1. Maintenance corrective
La corrective intervient après une défaillance. Elle est palliative lorsqu’elle remet provisoirement l’équipement en service, et curative lorsqu’elle restaure durablement la fonction.
Elle reste pertinente pour les actifs peu critiques, peu coûteux et faciles à remplacer. Sur un équipement critique, elle expose en revanche à des arrêts, des dégâts secondaires et des interventions urgentes coûteuses.
2. Maintenance préventive systématique
Les opérations sont déclenchées selon un calendrier, un compteur d’heures, un nombre de cycles ou une quantité produite. Cette approche est simple à planifier et adaptée aux composants dont l’usure est prévisible.
Une fréquence trop courte augmente les coûts et peut introduire des défauts lors des démontages. Une fréquence trop longue laisse survenir les pannes. Les périodicités doivent donc être révisées à partir des retours d’expérience.
3. Maintenance conditionnelle et prédictive
La maintenance conditionnelle s’appuie sur l’état réel : vibration, température, analyse d’huile, intensité électrique, pression ou inspection visuelle. L’intervention est déclenchée lorsqu’un indicateur se dégrade.
La prédictive va plus loin en estimant l’évolution du défaut et la durée de vie restante.
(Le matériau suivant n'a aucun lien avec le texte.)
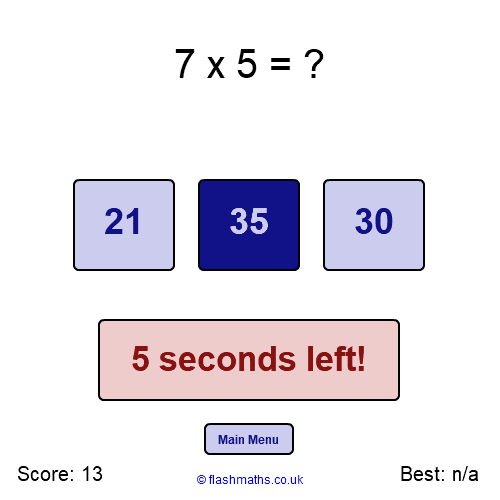 Beat the Clock Times Tables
Elle nécessite des données fiables, un phénomène physique observable et une organisation capable d’agir à temps.
4. Méthode de choix
Pour chaque fonction importante, identifier les défaillances possibles, leurs conséquences, leur détectabilité et les actions envisageables. Une tâche préventive n’est utile que si elle réduit réellement le risque à un coût acceptable.
La bonne stratégie est souvent hybride : surveillance sur les organes critiques, systématique sur les éléments réglementaires, corrective sur les composants non critiques et amélioration de conception pour les pannes répétitives.